Make an exact copy of the entries below, with all images left out.
━━━━━━━━━━━━━━━━
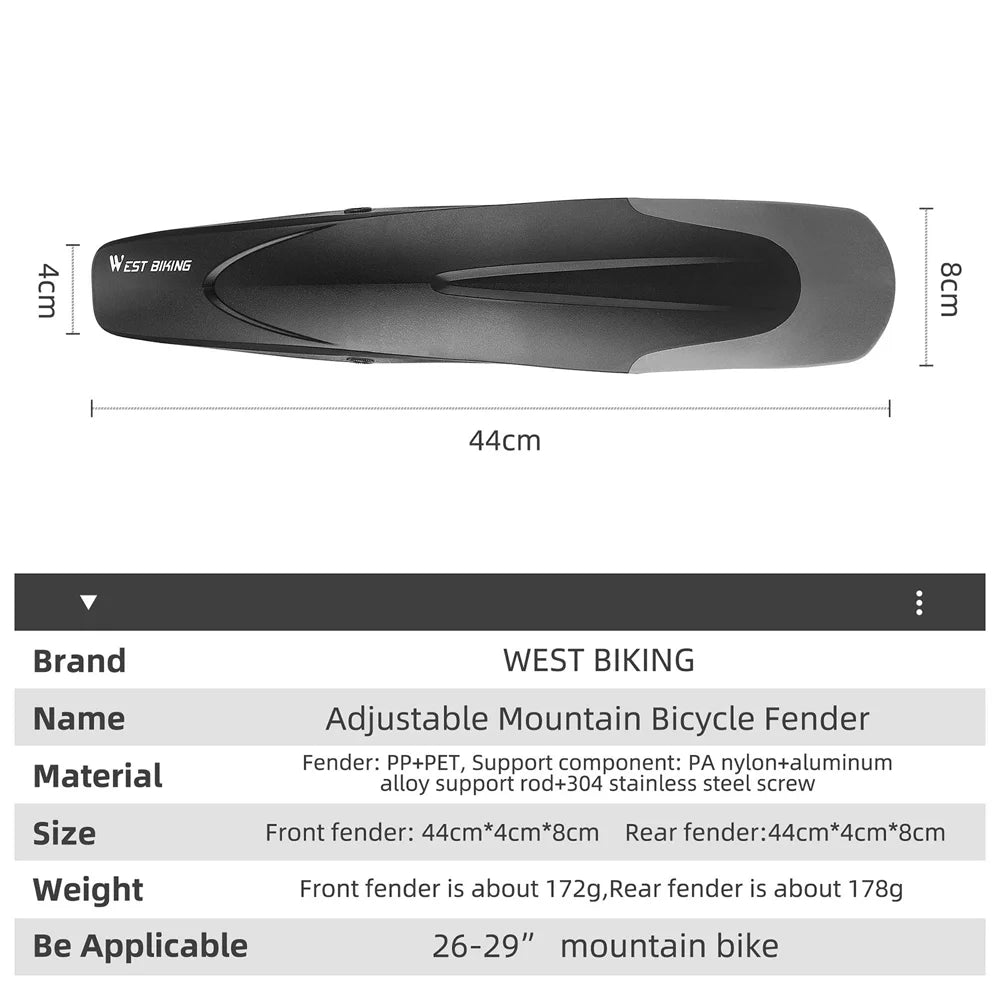 Quick Release Mudguard, 26 29in Wide H907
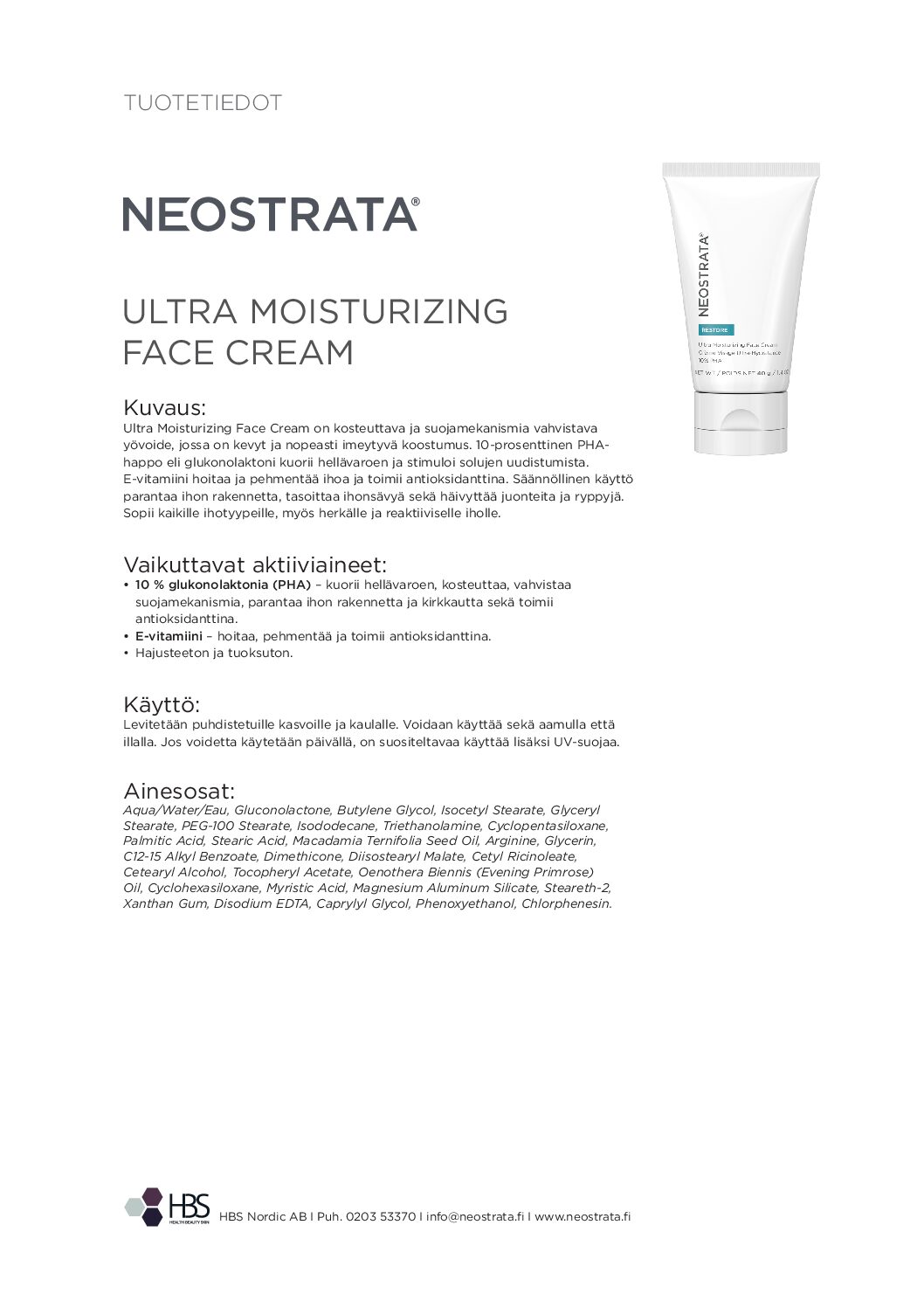 Tuotearkki NEOSTRATA Ultra Moisturizing Face Cream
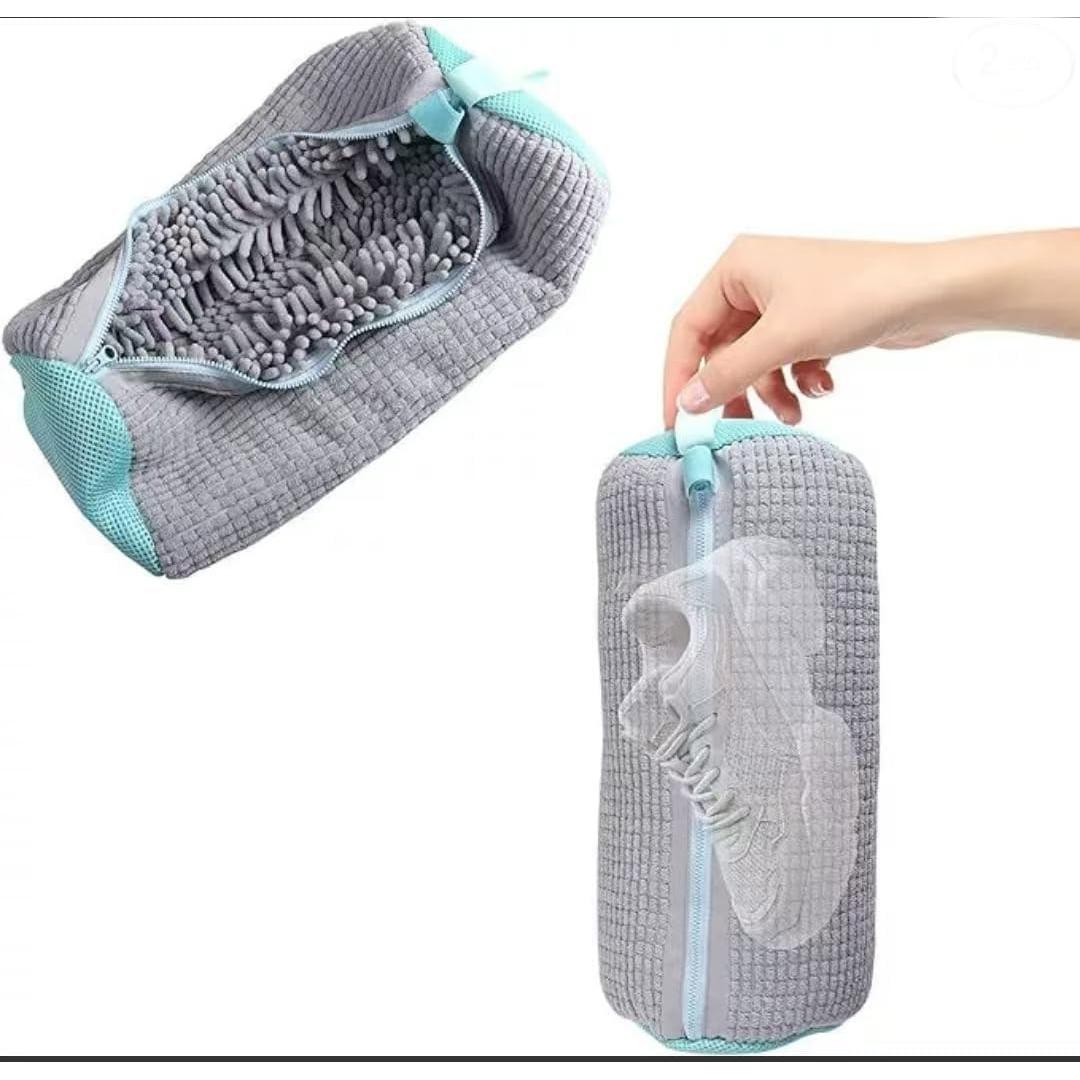 Bolsas de Lavado de Zapatos Fachoige 2Pcs Reutilizables Gris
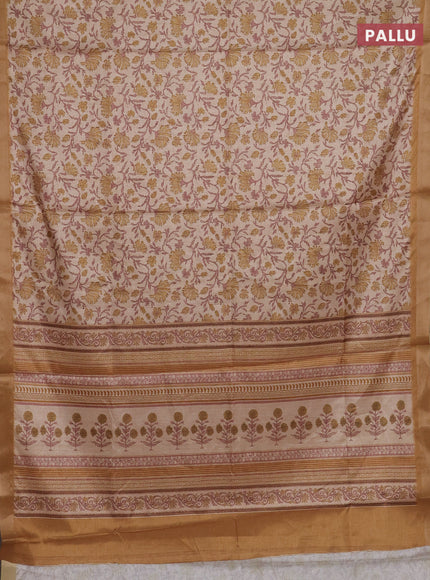 Beige & Mustard Yellow Semi Tussar Saree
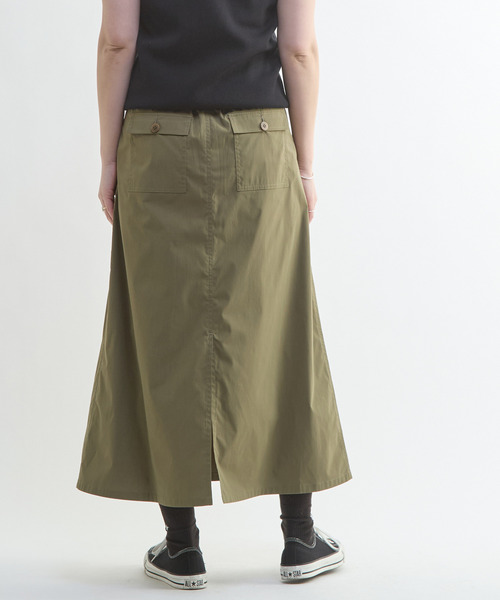 CONVERSE TOKYO(コンバーストウキョウ)の「MILITARY TUCK FLARE SKIRT(スカート・レディース・カーキ/ブラック・FREE)」の5枚目の写真
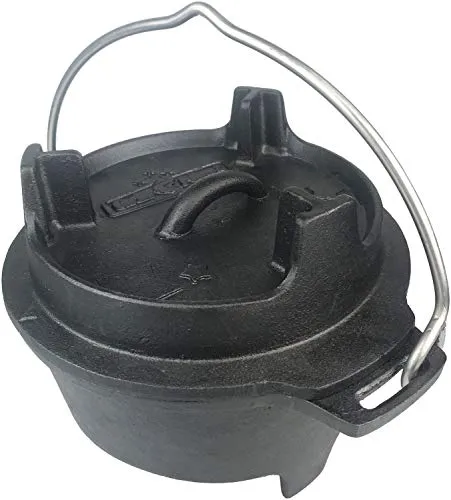 Grillfürst Dutch Oven 2L - Stabiler Feuertopf mit T-Füßen - Dutch Oven aus hitzebeständigem Gusseisen mit speziellen T-Füßen für stabilen Stand. Ideal für Eintöpfe, Brot und Kuchen - bereit zum direkten Einsatz ohne Einbrennen!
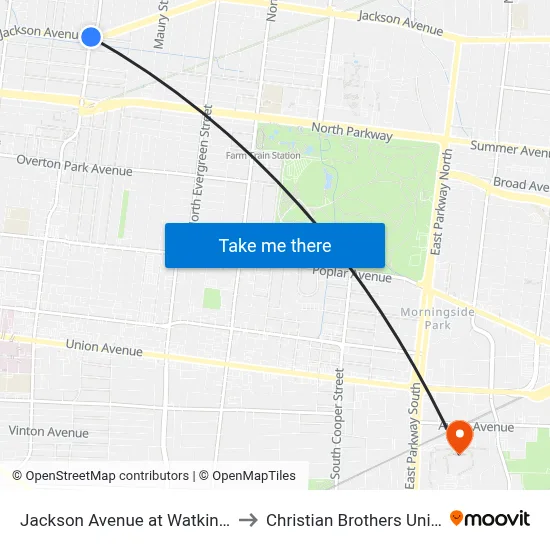 Jackson Avenue at Watkins Street to Christian Brothers University map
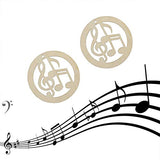 20pcs Music Note Wood DIY Crafts Cutouts Wooden Round Musical Note Shaped Hanging Ornaments for Musical Theme Christmas Tree Cutout Holiday Wood Creaides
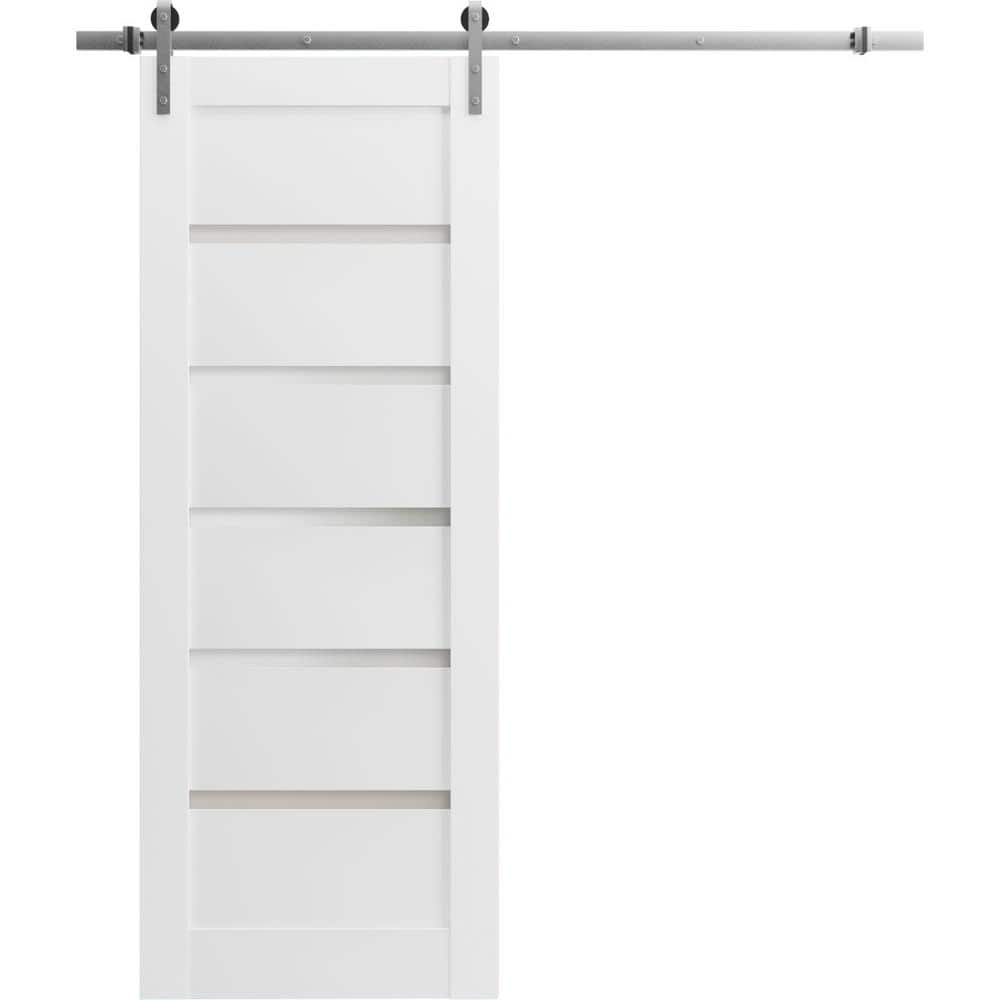 Assembly Required 24 in. x 96 in. 1-Panel Frosted Glass White Wood Sliding Barn Door with Hardware Kit price history on PriceWatchPro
━━━━━━━━━━━━━━━━
> _Reply_
 Quick Release Mudguard, 26 29in Wide H907
 Tuotearkki NEOSTRATA Ultra Moisturizing Face Cream
 Bolsas de Lavado de Zapatos Fachoige 2Pcs Reutilizables Gris
 Beige & Mustard Yellow Semi Tussar Saree
 CONVERSE TOKYO(コンバーストウキョウ)の「MILITARY TUCK FLARE SKIRT(スカート・レディース・カーキ/ブラック・FREE)」の5枚目の写真
 Grillfürst Dutch Oven 2L - Stabiler Feuertopf mit T-Füßen - Dutch Oven aus hitzebeständigem Gusseisen mit speziellen T-Füßen für stabilen Stand. Ideal für Eintöpfe, Brot und Kuchen - bereit zum direkten Einsatz ohne Einbrennen!
 Jackson Avenue at Watkins Street to Christian Brothers University map
 20pcs Music Note Wood DIY Crafts Cutouts Wooden Round Musical Note Shaped Hanging Ornaments for Musical Theme Christmas Tree Cutout Holiday Wood Creaides
 Assembly Required 24 in. x 96 in. 1-Panel Frosted Glass White Wood Sliding Barn Door with Hardware Kit price history on PriceWatchPro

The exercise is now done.